▶ [Goal of the exercise] What you print should match the entries exactly, only without the pictures.

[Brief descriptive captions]
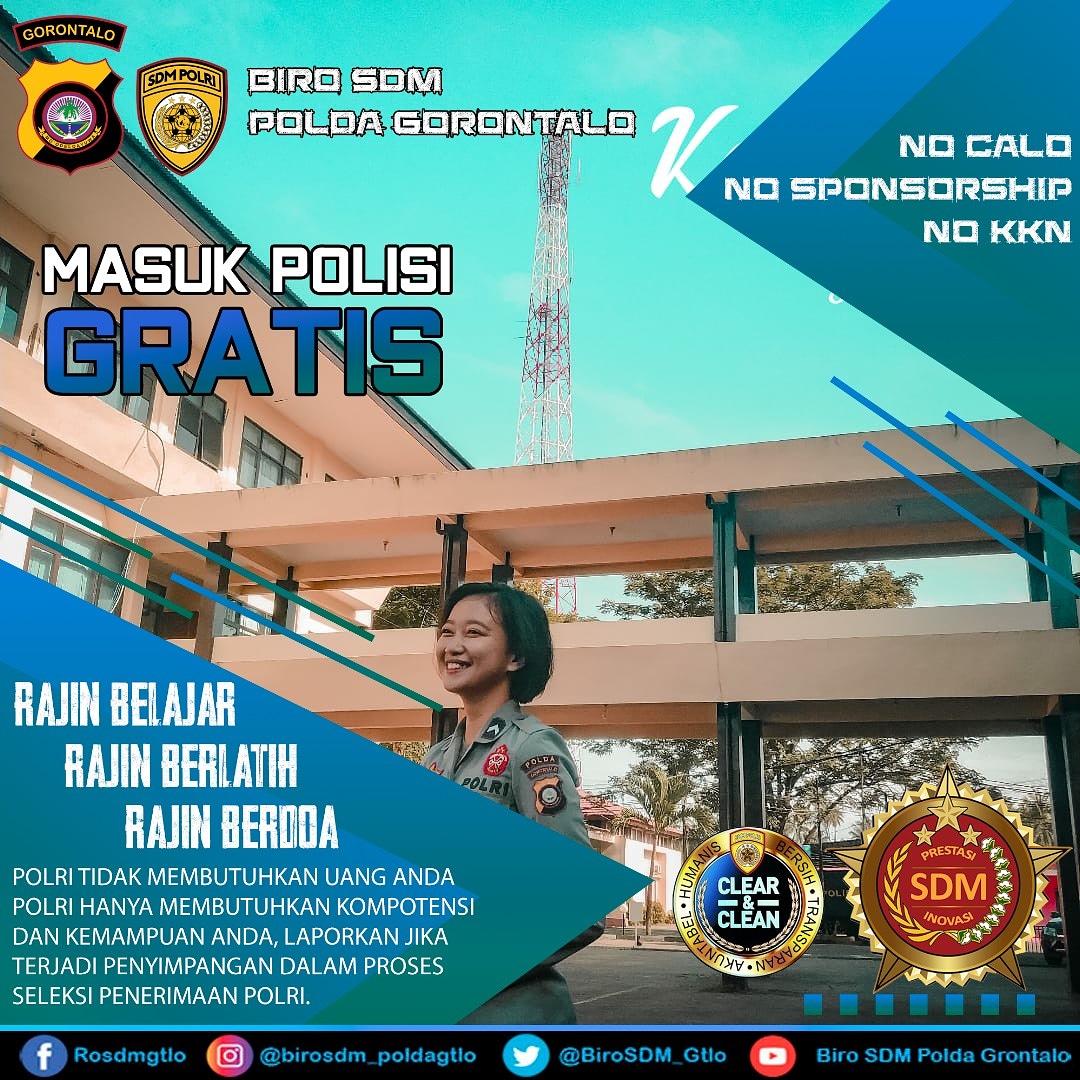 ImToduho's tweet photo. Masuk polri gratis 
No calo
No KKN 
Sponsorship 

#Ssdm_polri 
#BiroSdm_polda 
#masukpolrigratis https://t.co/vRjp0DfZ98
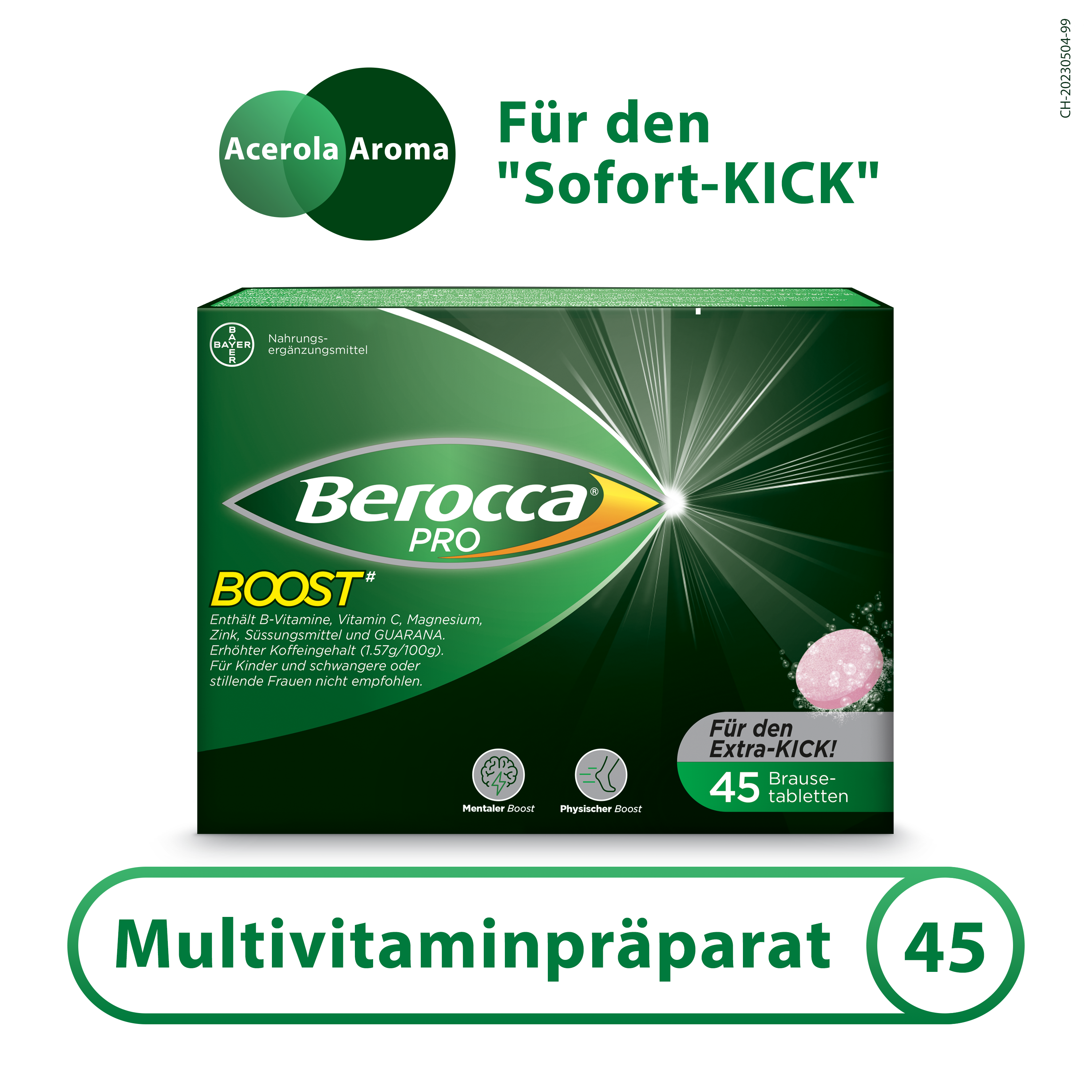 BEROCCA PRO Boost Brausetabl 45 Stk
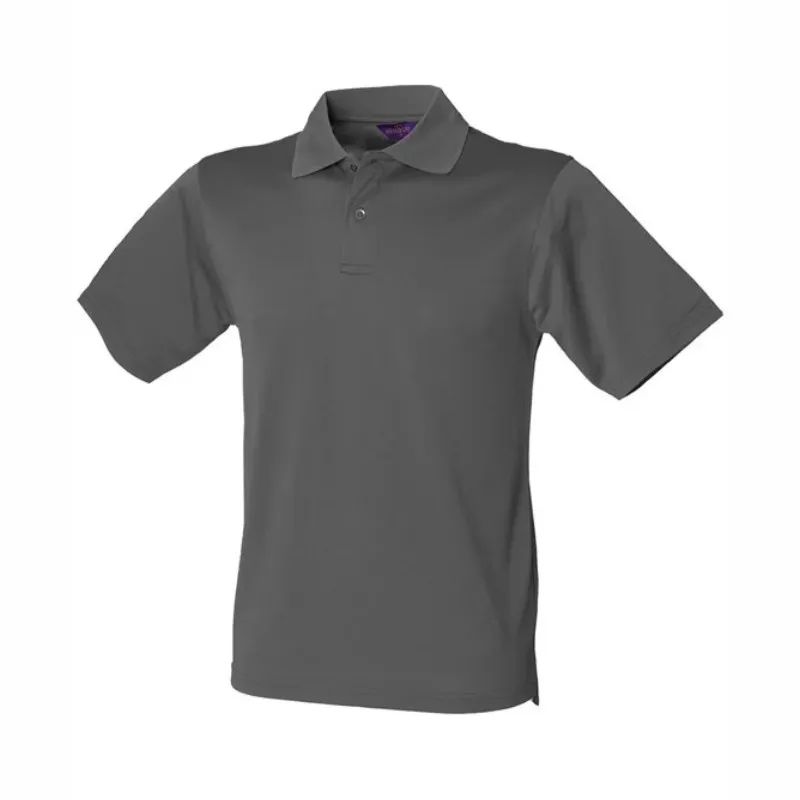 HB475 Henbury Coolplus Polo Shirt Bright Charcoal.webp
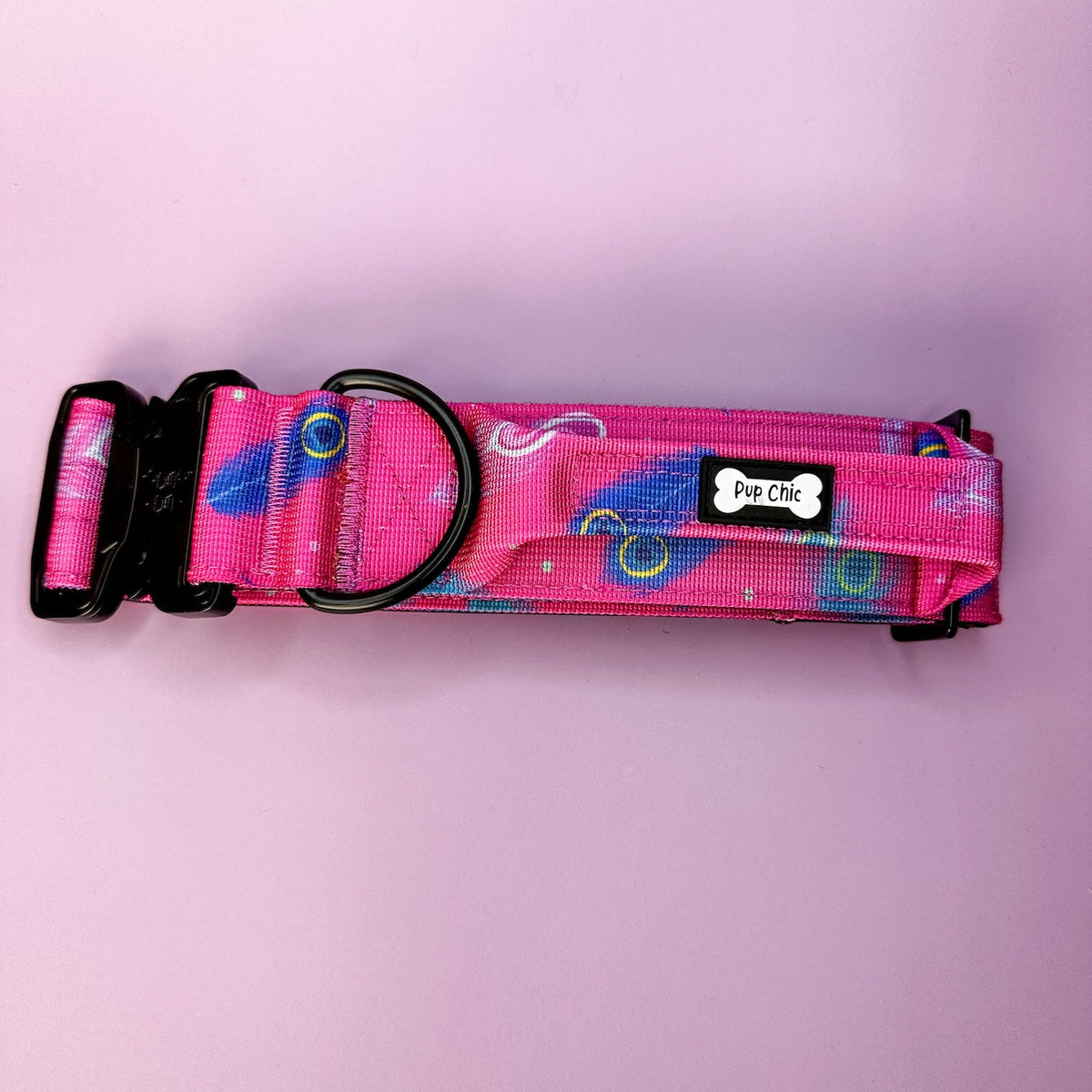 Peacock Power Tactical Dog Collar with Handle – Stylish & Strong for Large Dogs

▶ [Answer for the task]
 ImToduho's tweet photo. Masuk polri gratis 
No calo
No KKN 
Sponsorship 

#Ssdm_polri 
#BiroSdm_polda 
#masukpolrigratis https://t.co/vRjp0DfZ98
 BEROCCA PRO Boost Brausetabl 45 Stk
 HB475 Henbury Coolplus Polo Shirt Bright Charcoal.webp
 Peacock Power Tactical Dog Collar with Handle – Stylish & Strong for Large Dogs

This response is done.